Laideur...puis beauté
Les pitounes sur la rivière Saint-Maurice; le tas de billots qui déboulent la nuit; la fumée des cheminées de la Consolidated Bathurst; les duplex; les enfants qui jurent; l'école Sacré-Coeur; les trois trisomiques du quartier qui répétaient ad nauseam les mêmes paroles; l'Italien qui appelait sa fille en criant; celle qu'on appelait la Dimitri, un peu folle; la balançoire de l'absurde dans notre cour arrière; la boîte à lunch en métal de mon père; la voisine qui se tapait son beau-frère; le jeune brûlé par la colle à tapis; la bonne femme Mailhot en gougoune dans la rue sur la crise de nerfs; le bonhomme Mailhot saoul comme une botte; les coups de règle de la maîtresse d'école sur la tête des enfants pauvres; la coupe de cheveux de Pauline, une camarade de classe au primaire; la platitude de la course annuelle de canots entre les pitounes; les boucs émissaires du primaire; les vieux vêtements de ma soeur que je devais porter; les noms méchants que les enfants criaient dans la cour d'école; la commère du logement d'à-côté; le jet-set psychiatrique du quartier; les gars qui rotaient dans la classe en 6e année; la salle de pool chez Vic; le nez en l'air des filles de bonnes familles; la balade en char du dimanche jusqu'à la Caillette de Maskinongé.
Mais il y avait les frères Tancred de l'autre côté de la rue Toupin.

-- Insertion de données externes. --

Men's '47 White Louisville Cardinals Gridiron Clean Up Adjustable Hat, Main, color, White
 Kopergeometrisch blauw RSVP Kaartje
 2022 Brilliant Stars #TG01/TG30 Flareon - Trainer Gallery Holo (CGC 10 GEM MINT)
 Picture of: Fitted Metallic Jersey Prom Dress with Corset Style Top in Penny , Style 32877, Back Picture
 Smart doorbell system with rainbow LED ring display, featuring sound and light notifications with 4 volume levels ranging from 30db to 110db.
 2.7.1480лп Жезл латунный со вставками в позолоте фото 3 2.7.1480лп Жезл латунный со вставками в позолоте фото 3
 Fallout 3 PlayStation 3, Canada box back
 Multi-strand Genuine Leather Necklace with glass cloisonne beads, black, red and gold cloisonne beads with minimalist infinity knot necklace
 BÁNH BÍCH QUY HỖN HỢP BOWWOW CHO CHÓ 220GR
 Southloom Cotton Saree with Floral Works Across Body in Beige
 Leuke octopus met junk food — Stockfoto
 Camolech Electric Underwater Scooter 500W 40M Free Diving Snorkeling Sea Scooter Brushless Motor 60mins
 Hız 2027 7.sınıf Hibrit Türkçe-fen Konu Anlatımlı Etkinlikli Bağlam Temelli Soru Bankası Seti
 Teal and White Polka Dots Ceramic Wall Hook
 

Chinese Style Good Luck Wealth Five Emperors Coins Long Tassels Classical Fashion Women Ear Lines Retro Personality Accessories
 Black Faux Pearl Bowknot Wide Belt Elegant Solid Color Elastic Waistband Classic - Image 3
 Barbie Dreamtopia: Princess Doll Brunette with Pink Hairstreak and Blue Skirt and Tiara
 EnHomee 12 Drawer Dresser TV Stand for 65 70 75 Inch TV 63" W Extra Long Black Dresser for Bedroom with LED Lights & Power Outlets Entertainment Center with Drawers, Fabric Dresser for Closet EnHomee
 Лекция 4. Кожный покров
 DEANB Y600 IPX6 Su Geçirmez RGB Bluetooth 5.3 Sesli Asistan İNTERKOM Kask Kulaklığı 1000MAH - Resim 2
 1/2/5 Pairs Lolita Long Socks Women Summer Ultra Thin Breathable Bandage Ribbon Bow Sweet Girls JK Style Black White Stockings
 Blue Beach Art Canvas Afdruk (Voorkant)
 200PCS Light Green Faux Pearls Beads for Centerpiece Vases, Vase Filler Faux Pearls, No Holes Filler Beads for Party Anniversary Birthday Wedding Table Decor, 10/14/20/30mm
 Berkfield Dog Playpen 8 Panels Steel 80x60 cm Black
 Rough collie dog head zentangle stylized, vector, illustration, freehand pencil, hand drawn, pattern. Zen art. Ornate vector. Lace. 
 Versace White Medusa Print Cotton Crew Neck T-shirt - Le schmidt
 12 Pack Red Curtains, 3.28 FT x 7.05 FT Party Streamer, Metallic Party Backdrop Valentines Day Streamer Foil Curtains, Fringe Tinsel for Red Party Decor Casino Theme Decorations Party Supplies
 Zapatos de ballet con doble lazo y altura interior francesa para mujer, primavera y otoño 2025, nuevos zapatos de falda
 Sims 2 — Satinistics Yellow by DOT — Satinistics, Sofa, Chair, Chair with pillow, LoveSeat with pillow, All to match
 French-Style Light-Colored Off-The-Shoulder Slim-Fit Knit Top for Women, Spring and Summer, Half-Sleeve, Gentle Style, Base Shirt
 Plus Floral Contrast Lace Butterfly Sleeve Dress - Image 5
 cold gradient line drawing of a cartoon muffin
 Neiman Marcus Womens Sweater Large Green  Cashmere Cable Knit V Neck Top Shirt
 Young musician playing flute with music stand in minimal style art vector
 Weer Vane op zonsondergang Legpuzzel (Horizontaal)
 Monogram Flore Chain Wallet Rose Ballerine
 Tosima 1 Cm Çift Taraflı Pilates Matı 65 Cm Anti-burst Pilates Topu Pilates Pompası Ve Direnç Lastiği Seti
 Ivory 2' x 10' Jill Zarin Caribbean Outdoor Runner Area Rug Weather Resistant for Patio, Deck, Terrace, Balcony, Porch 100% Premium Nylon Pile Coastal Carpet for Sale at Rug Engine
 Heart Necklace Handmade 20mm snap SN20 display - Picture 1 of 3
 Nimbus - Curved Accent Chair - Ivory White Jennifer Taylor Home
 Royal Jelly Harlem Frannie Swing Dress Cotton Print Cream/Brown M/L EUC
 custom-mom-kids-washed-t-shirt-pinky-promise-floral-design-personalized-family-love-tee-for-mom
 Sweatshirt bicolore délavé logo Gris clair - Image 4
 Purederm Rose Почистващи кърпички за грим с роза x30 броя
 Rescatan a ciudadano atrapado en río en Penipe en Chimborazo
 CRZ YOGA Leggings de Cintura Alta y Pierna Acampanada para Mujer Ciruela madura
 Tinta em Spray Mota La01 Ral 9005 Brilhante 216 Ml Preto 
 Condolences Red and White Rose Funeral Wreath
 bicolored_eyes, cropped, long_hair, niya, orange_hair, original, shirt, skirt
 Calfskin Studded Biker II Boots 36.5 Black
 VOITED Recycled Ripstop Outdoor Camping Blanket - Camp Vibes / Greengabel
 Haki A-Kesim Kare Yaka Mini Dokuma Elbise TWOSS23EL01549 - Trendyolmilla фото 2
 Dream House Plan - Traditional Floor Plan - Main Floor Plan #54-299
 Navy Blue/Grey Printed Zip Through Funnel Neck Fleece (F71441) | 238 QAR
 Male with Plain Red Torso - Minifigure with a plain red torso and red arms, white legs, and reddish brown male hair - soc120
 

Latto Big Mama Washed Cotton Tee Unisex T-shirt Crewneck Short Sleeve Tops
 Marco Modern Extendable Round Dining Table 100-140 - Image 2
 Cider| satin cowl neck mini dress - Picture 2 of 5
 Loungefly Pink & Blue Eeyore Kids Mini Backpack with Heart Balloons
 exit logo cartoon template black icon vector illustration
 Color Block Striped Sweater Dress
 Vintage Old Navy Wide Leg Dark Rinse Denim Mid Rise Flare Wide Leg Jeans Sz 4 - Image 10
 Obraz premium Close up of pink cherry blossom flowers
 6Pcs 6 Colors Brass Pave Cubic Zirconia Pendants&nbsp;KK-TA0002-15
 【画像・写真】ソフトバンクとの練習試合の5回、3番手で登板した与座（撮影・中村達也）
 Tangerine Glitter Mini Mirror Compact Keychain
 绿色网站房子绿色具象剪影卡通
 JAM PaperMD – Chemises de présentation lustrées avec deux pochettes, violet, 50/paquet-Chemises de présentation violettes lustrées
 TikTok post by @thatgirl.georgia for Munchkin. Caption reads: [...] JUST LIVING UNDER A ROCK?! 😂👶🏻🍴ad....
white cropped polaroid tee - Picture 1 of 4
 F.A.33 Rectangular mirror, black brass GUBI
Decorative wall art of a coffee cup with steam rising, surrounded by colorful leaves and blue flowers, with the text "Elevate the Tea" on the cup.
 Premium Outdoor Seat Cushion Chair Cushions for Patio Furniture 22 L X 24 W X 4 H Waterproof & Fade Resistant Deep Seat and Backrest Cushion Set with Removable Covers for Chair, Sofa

Les frères Tancred à qui ma soeur et moi rêvions en silence. Les intellectuels du quartier. Ces grands blonds-là (type californien bien bronzé et tout et tout) passaient du temps sur leur galerie en silence, en se donnant un air imbécile.
Et il y avait les cours de piano chez Brigitte Loranger. Et la maison de Brigitte Loranger. Avec les tapis de Turquie, les photos anciennes, les meubles XIXe, l'immensité du mobilier de cuisine. La chevelure de la mère, toute blanche, qui dévalait jusqu'à ses hanches.
Il y a eu Miquette, ma chienne, qui a accouché de trois chiots.
À trois rues, il y avait la maison de grand-maman, ou ça vivait.
Il y avait Pour Élise que ma soeur jouait magnifiquement à 12 ans.
Et voilà, pour aujourd'hui, ce qui me vient de mon imaginaire d'enfant.